**EXERCISE:** For the records that follow, return only the count of lines containing the string "Gear".

══ EXTRACTED RECORDS

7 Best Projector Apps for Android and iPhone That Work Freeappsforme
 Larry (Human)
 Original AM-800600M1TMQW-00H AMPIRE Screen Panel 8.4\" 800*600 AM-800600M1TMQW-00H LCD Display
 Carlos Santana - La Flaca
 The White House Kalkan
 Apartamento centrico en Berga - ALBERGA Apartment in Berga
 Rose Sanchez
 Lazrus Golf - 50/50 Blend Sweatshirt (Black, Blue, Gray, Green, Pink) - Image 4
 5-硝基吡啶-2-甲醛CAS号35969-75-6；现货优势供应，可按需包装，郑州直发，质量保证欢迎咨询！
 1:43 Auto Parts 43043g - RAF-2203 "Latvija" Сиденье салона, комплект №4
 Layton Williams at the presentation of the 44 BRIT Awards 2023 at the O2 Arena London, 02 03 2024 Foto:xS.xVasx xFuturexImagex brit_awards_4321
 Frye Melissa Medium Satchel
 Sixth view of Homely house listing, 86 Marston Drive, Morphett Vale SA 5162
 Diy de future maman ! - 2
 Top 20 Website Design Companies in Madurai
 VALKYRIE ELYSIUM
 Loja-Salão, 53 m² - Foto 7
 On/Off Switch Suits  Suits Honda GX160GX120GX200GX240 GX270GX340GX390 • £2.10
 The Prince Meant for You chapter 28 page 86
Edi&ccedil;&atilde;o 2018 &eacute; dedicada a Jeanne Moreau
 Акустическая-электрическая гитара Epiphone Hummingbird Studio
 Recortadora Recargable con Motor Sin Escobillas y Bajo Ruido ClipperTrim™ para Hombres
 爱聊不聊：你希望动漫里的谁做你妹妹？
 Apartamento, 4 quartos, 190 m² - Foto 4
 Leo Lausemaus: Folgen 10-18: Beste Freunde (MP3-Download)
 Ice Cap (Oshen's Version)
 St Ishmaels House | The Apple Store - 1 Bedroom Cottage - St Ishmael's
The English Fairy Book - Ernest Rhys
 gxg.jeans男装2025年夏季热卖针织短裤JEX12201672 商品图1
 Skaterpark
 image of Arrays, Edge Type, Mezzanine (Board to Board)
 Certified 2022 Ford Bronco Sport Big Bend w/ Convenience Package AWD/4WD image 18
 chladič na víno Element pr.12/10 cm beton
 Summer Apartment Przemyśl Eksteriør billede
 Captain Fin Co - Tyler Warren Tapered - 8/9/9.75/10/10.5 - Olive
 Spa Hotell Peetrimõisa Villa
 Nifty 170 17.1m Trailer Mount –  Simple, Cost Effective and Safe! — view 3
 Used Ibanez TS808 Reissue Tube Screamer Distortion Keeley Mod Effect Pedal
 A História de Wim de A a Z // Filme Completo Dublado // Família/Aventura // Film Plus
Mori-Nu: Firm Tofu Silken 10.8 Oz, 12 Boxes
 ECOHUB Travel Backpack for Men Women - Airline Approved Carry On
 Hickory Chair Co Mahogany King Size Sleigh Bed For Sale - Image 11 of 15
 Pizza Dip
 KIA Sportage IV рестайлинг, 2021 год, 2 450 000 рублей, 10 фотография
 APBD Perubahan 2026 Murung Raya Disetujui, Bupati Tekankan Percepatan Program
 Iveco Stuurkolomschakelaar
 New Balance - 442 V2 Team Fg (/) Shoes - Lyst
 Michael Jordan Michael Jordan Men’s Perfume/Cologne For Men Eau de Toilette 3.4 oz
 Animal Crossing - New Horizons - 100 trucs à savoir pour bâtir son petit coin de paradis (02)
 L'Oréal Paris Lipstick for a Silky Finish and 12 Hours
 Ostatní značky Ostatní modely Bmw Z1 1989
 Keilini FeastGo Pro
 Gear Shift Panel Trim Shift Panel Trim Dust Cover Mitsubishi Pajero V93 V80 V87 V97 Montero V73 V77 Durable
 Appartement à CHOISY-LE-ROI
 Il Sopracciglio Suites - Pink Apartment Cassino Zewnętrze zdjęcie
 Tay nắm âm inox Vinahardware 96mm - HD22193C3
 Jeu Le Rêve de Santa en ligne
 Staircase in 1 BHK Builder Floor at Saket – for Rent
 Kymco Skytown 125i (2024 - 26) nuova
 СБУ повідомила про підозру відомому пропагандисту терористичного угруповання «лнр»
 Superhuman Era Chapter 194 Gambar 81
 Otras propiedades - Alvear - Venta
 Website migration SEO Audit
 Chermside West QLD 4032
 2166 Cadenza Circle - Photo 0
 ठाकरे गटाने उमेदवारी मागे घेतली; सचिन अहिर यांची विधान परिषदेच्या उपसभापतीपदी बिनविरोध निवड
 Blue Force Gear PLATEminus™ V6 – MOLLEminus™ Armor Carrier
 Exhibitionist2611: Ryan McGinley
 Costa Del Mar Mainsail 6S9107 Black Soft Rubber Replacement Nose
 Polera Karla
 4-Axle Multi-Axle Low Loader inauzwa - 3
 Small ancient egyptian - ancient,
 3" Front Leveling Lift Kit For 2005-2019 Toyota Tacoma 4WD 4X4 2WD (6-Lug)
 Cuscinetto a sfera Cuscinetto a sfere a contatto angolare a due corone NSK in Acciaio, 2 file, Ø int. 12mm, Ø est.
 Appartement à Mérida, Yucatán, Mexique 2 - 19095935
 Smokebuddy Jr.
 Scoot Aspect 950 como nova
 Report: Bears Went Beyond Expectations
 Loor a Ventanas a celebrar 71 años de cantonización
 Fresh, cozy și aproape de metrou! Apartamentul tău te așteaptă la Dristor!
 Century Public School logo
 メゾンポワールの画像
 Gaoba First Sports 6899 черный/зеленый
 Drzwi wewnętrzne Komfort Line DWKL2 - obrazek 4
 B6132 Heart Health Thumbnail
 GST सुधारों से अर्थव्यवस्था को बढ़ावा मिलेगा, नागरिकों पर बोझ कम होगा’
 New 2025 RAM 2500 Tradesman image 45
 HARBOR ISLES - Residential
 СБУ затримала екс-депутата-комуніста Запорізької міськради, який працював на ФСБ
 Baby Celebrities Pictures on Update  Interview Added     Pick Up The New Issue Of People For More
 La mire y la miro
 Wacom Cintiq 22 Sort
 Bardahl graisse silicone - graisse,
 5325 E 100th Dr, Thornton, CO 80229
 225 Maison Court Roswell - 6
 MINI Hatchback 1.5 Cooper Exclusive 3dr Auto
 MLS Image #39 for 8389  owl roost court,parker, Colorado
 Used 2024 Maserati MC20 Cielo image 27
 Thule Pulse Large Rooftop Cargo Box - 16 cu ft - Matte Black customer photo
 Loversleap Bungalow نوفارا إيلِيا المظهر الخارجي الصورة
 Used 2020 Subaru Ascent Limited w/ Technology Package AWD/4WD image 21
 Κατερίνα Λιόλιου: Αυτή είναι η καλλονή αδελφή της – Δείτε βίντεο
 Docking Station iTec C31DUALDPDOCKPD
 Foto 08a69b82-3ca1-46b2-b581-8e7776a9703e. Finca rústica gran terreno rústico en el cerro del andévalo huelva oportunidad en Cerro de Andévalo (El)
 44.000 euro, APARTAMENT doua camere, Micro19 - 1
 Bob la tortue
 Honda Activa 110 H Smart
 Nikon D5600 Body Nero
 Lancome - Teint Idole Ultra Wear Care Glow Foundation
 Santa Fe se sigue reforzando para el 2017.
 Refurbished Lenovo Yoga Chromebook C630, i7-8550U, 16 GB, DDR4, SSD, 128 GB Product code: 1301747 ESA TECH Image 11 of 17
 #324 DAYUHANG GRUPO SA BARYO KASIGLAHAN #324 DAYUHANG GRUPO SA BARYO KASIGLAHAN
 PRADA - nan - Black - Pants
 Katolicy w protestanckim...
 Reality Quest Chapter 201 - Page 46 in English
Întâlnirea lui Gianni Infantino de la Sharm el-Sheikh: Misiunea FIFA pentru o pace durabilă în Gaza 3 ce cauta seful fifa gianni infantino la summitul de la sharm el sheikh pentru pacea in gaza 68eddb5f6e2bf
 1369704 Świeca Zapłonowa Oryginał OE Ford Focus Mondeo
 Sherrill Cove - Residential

════

**RESULT:** 2